In this political climate, with the overt targeting of disabled and neurodivergent people, racial and ethnic minorities, immigrants, queer people, and trans people especially, this trust is a valuable and dangerous thing. Lolita communities serve as support networks for some of the most vulnerable people in society. Nobody attracted to alternative fashion is a true conformist-- if we wanted to fit in, we wouldn't be here!
The difficult thing, though, is that a lolita comm is not the strictly bureaucratic, democratically-governed entity it seems to be. It's literally just some people in dresses. Hopefully, they're friends, but they need to at least tolerate each other for meetups to keep going. The contradiction between comm-as-friend group and comm-as-community support organization doesn't often come up, but when it does, people get banned.
I think comm mods, if they present their organization as a community organization, should ban people for safety alone. My definition of safety includes physical safety, ability to maintain rules, information safety, and safety from discrimination. I do not think people should be excluded for being annoying, rude, or vulgar, not least because all of those have described me at one time or another. I also try to take into consideration material concerns. If you're hanging out with friends at a boba shop, then it's cool to invite who you want, but slapping the label of Area Comm onto something transforms it from a private circle into a public-ish institution. It's an anarchic legitimacy, but everything starts somewhere.
Part of my gratitude for my comm and their baffling continued respect for me comes from this nucleus of this month's theme: watching seeds sprout. I've been in this fashion for over a decade, modding for over half that, and I've had the opportunity to help people grow. So many comm members came to the fashion stuck fast in their seedcoats, fearful of the rumors they'd heard of 4chan and tiktok, prepared to be left in the cold for their social clumsiness or, all too often, their mere existence as marginalized people. To sow them into the rich ground of existing community has been a privilege.
That's not to say everyone's perfectly lovely as they mature into the fashion; everyone has some annoying phase, some wack opinions, or at least something to grow out of. Lolitas aren't perfect lovelies-- we're just some guy (gender notwithstanding). These flawed, wonderful people have blossomed into themselves as lolitas and as people because they were given the benefit of the doubt. It was up to the comm to give them that space and nourishment, but the growth still lies with them.

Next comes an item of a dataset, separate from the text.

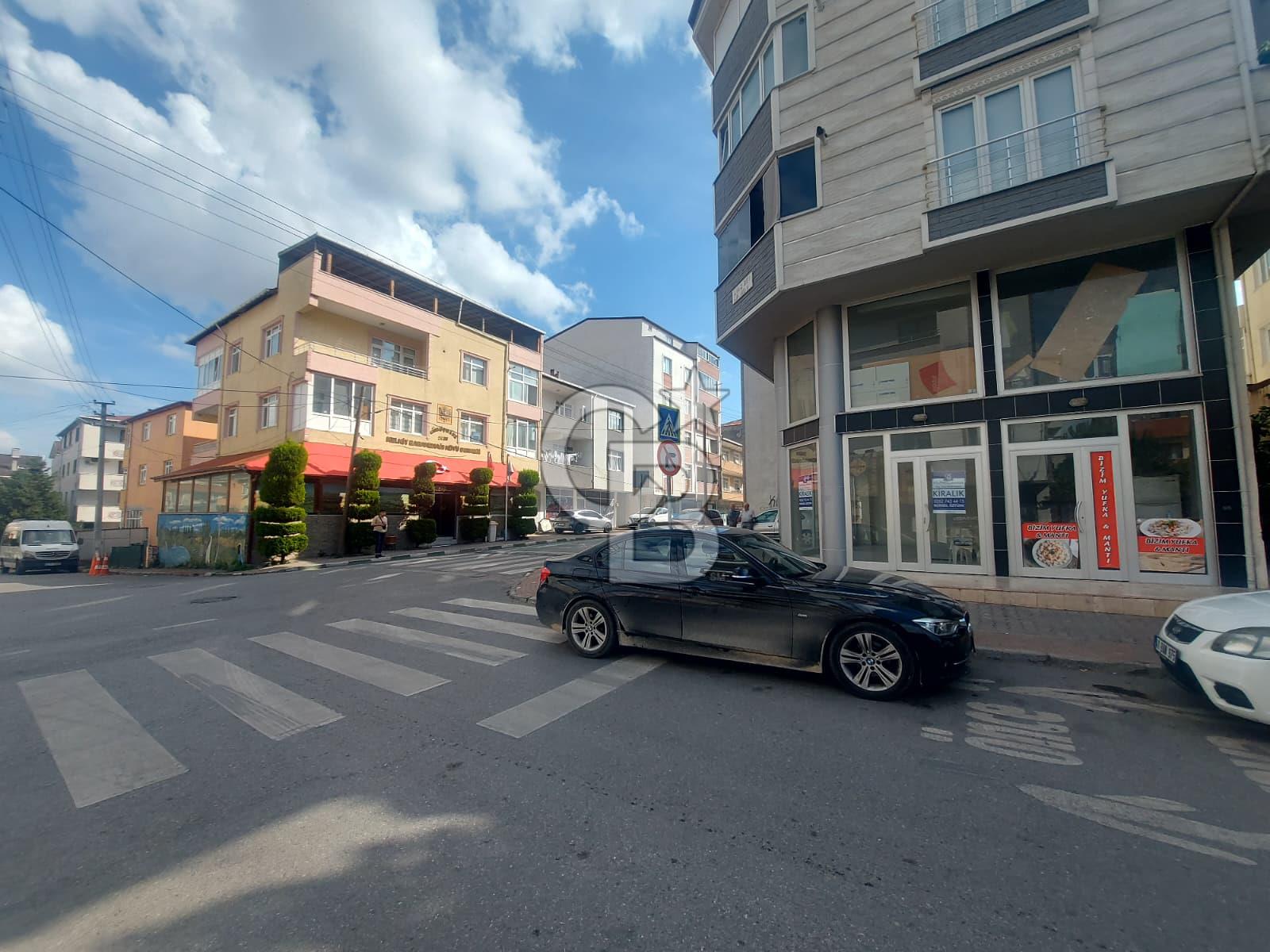 ÇAYIROVA MENDERES CAD. 55 m² KÖŞE HER İŞE UYGUN KİRALIK DÜKKAN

This past year-and-a-bit has been a never-ending stream of anxiety. I'm writing this post on my 29th birthday, with a tenuous two week ceasefire between Iran and the Israeli-American militaries just announced. I sincerely don't know if I'd have made it this far without my comm; every little connection I make in this fashion gives me hope. I regularly wonder to myself whether I will live to see 30, and if I will be remembered fondly or impassionately or not at all. I try to be positive in life to plant seeds of happiness and knowledge bearing fruit in my absence. When I am one day gone, I want to grow into a memory worth remembering, a story worth telling.